## [What the task requires]
Transcribe the data underneath exactly. No images belong in your version.

Material for the task section start

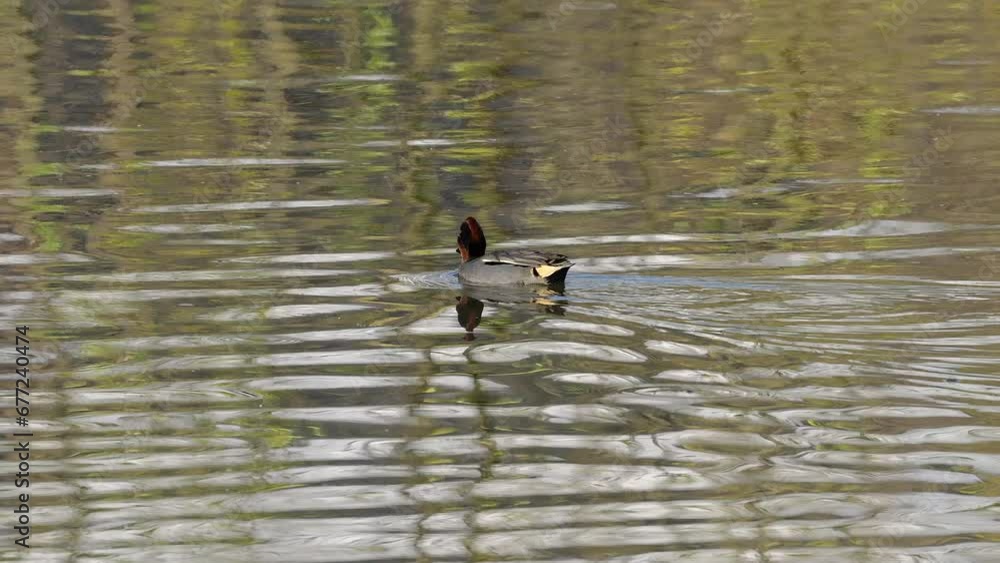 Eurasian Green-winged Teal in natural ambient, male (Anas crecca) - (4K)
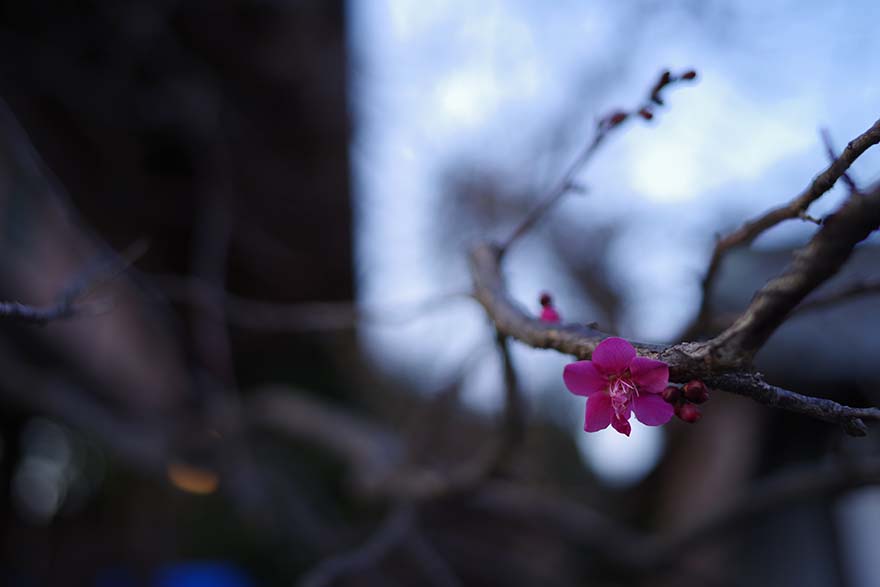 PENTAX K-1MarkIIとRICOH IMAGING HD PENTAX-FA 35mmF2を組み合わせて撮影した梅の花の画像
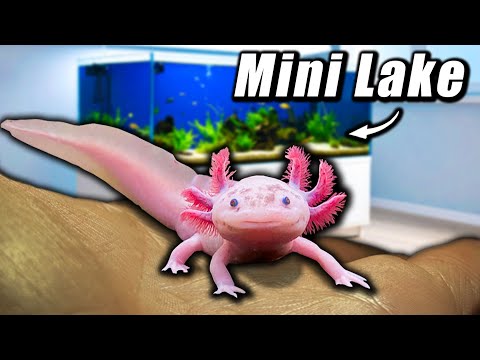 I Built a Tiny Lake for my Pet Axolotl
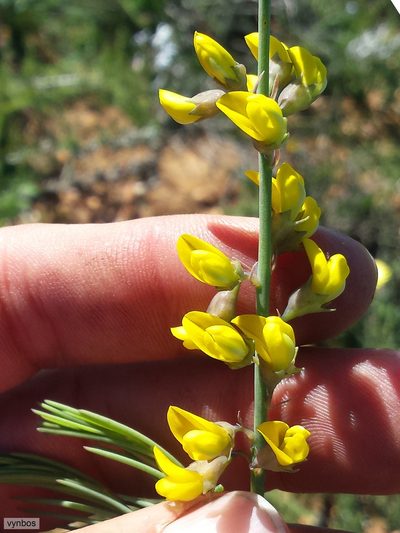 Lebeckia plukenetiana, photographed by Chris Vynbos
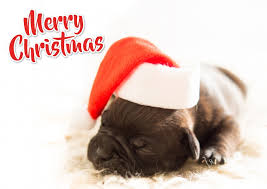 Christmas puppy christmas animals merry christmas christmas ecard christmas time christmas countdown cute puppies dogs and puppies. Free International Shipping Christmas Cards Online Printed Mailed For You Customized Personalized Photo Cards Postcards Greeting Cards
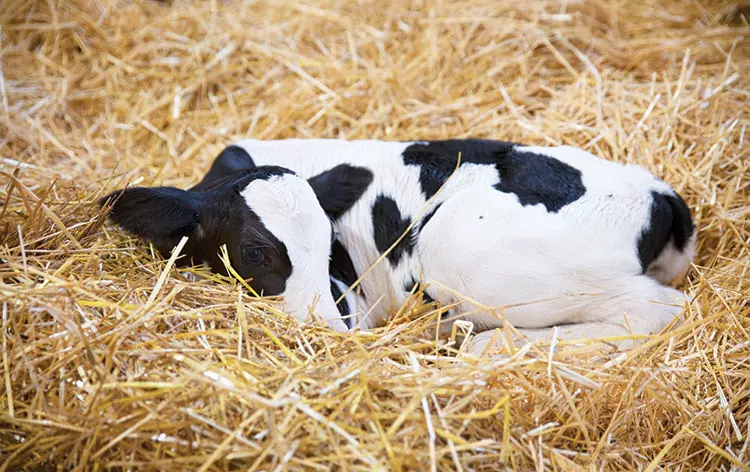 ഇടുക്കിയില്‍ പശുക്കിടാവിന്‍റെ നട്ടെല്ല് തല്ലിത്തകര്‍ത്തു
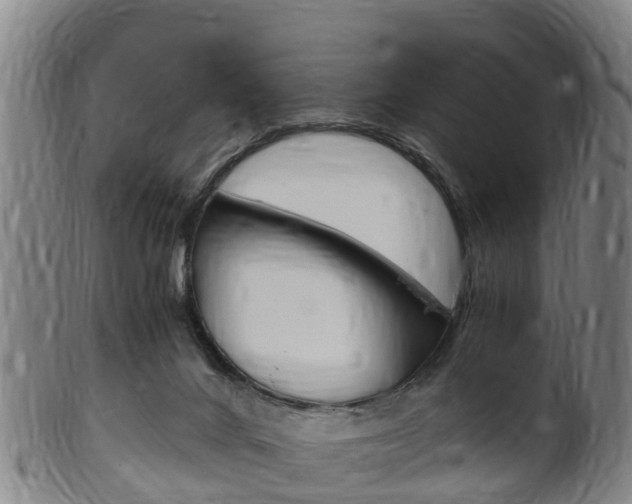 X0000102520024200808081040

Material for the task section end

## [Result of this task]
 Eurasian Green-winged Teal in natural ambient, male (Anas crecca) - (4K)
 PENTAX K-1MarkIIとRICOH IMAGING HD PENTAX-FA 35mmF2を組み合わせて撮影した梅の花の画像
 I Built a Tiny Lake for my Pet Axolotl
 Lebeckia plukenetiana, photographed by Chris Vynbos
 Christmas puppy christmas animals merry christmas christmas ecard christmas time christmas countdown cute puppies dogs and puppies. Free International Shipping Christmas Cards Online Printed Mailed For You Customized Personalized Photo Cards Postcards Greeting Cards
 ഇടുക്കിയില്‍ പശുക്കിടാവിന്‍റെ നട്ടെല്ല് തല്ലിത്തകര്‍ത്തു
 X0000102520024200808081040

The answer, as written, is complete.